Will you return, word for word, only the lines from the top of the data below down to and including the one with "Heavy Duty Outdoor"?

Source records
=== Section Start ===

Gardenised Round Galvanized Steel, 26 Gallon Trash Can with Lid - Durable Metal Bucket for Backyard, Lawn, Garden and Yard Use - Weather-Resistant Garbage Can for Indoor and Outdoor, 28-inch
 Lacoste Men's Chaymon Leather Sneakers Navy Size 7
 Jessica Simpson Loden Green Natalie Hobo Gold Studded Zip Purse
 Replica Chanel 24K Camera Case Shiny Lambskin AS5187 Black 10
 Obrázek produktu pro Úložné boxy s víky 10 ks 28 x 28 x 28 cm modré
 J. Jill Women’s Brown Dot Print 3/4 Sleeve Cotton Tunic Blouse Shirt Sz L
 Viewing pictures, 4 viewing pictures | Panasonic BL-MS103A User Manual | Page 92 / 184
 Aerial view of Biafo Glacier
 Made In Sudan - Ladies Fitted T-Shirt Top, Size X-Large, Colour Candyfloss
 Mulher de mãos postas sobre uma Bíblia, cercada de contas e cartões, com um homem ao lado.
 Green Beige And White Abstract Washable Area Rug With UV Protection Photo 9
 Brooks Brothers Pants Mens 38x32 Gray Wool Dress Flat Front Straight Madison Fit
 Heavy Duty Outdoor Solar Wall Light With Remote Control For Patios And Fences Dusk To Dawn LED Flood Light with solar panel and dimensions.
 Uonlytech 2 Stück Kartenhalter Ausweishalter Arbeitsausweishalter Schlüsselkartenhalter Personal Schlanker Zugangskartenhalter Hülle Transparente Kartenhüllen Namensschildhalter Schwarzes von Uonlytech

=== Section End ===

### Solution for this exercise
Gardenised Round Galvanized Steel, 26 Gallon Trash Can with Lid - Durable Metal Bucket for Backyard, Lawn, Garden and Yard Use - Weather-Resistant Garbage Can for Indoor and Outdoor, 28-inch
 Lacoste Men's Chaymon Leather Sneakers Navy Size 7
 Jessica Simpson Loden Green Natalie Hobo Gold Studded Zip Purse
 Replica Chanel 24K Camera Case Shiny Lambskin AS5187 Black 10
 Obrázek produktu pro Úložné boxy s víky 10 ks 28 x 28 x 28 cm modré
 J. Jill Women’s Brown Dot Print 3/4 Sleeve Cotton Tunic Blouse Shirt Sz L
 Viewing pictures, 4 viewing pictures | Panasonic BL-MS103A User Manual | Page 92 / 184
 Aerial view of Biafo Glacier
 Made In Sudan - Ladies Fitted T-Shirt Top, Size X-Large, Colour Candyfloss
 Mulher de mãos postas sobre uma Bíblia, cercada de contas e cartões, com um homem ao lado.
 Green Beige And White Abstract Washable Area Rug With UV Protection Photo 9
 Brooks Brothers Pants Mens 38x32 Gray Wool Dress Flat Front Straight Madison Fit
 Heavy Duty Outdoor Solar Wall Light With Remote Control For Patios And Fences Dusk To Dawn LED Flood Light with solar panel and dimensions.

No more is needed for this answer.